- **Activity**:
An exact copy of the entries below is needed, with every picture left out.
+ + + + +
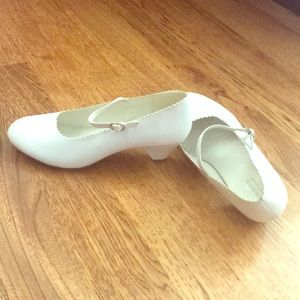 White Mary Jane heels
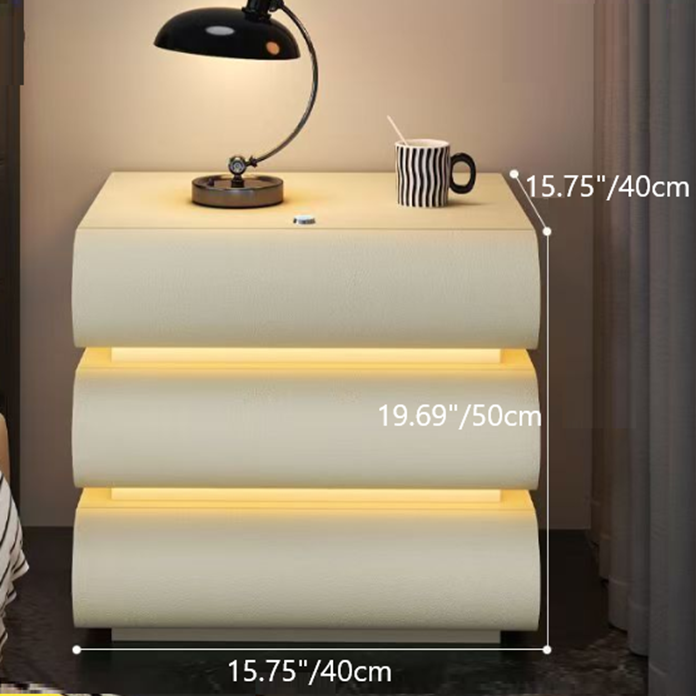 Modern Luxury Faux Leather Solid Wood Metal Curved Nightstand With 3 Drawers For Bedroom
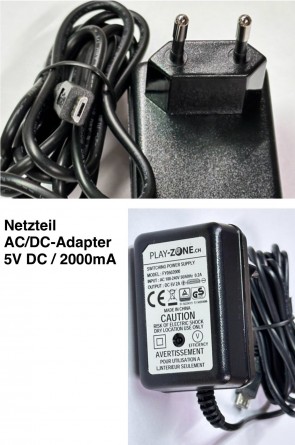 Power Supply AC/DC-Adapter 5V DC / 2000mA to microUSB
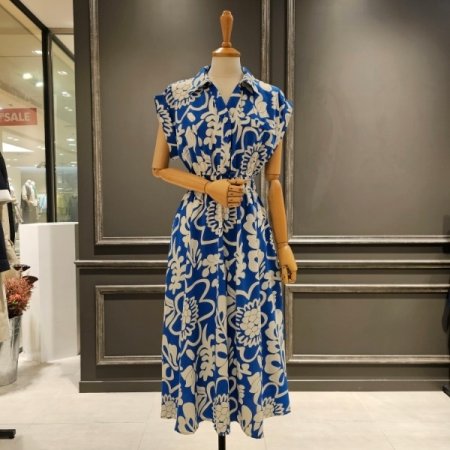 플라워 패턴 카라 원피스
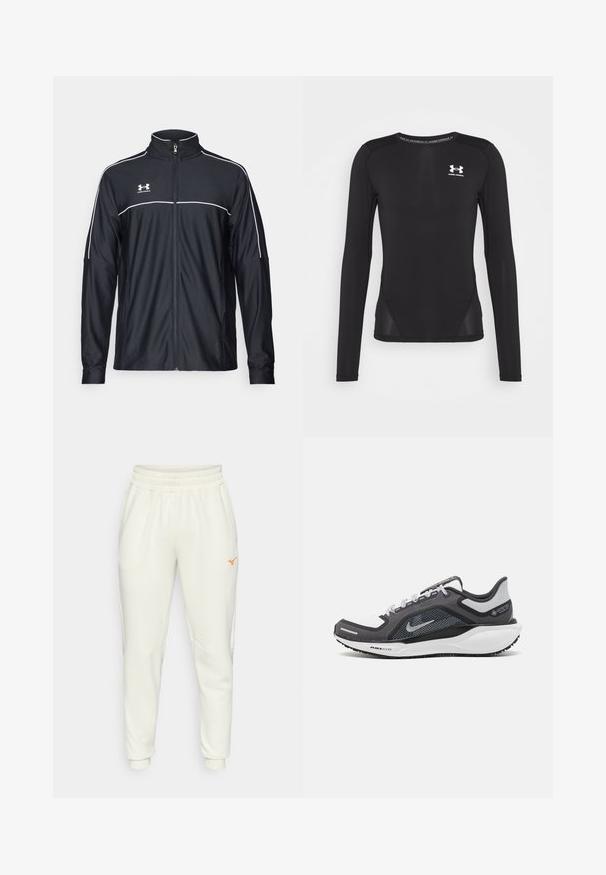 Giacca sportiva nera realizzata in tessuto liscio, con colletto alto, zip completa e piping bianco lungo le spalle e il petto.; Maglietta sportiva nera a maniche lunghe realizzata in tessuto leggero e morbido. Presenta un design aderente e pannelli laterali in rete. Logo Under Armour sul petto.; Pantaloni della tuta color crema realizzati in tessuto morbido, con vita elastica, tasche laterali e un logo arancione all'altezza dell'anca.; Scarpa da ginnastica nera e grigia con tomaia in rete, dettagli riflettenti e intersuola bianca. Presenta una suola in gomma testurizzata e lacci.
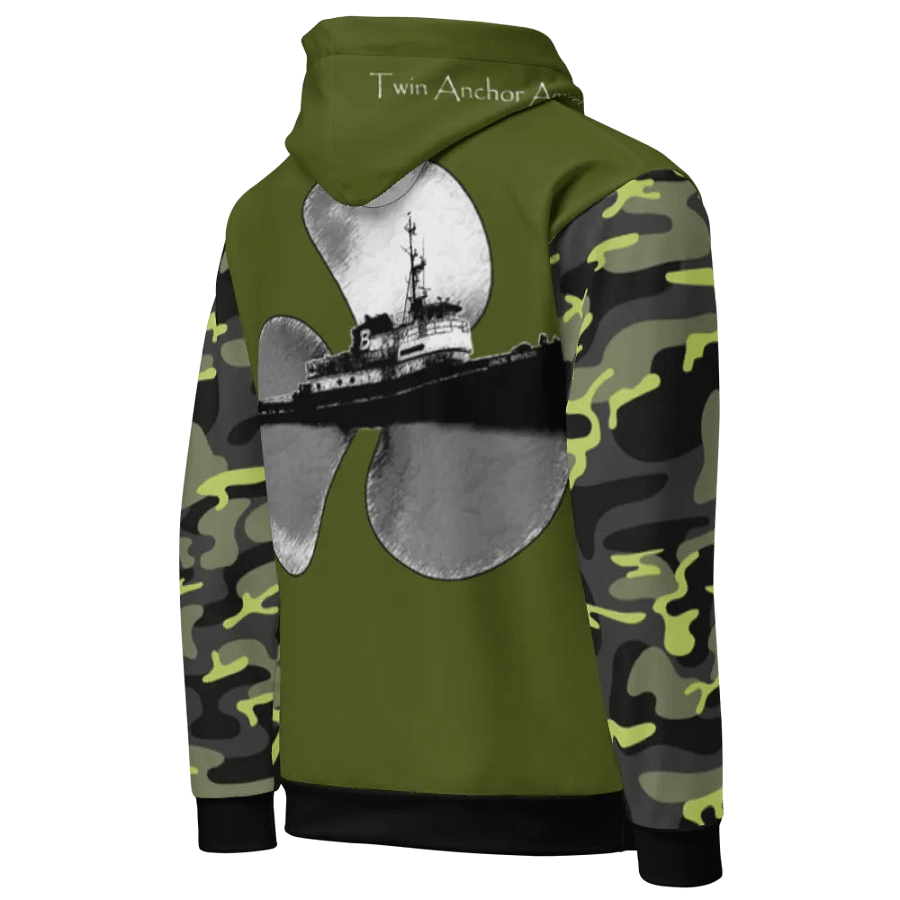 Camouflage & Green Three blade prop & Jack tug Hoodie product image (8)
+ + + + +
- **Result for this exercise**:
 White Mary Jane heels
 Modern Luxury Faux Leather Solid Wood Metal Curved Nightstand With 3 Drawers For Bedroom
 Power Supply AC/DC-Adapter 5V DC / 2000mA to microUSB
 플라워 패턴 카라 원피스
 Giacca sportiva nera realizzata in tessuto liscio, con colletto alto, zip completa e piping bianco lungo le spalle e il petto.; Maglietta sportiva nera a maniche lunghe realizzata in tessuto leggero e morbido. Presenta un design aderente e pannelli laterali in rete. Logo Under Armour sul petto.; Pantaloni della tuta color crema realizzati in tessuto morbido, con vita elastica, tasche laterali e un logo arancione all'altezza dell'anca.; Scarpa da ginnastica nera e grigia con tomaia in rete, dettagli riflettenti e intersuola bianca. Presenta una suola in gomma testurizzata e lacci.
 Camouflage & Green Three blade prop & Jack tug Hoodie product image (8)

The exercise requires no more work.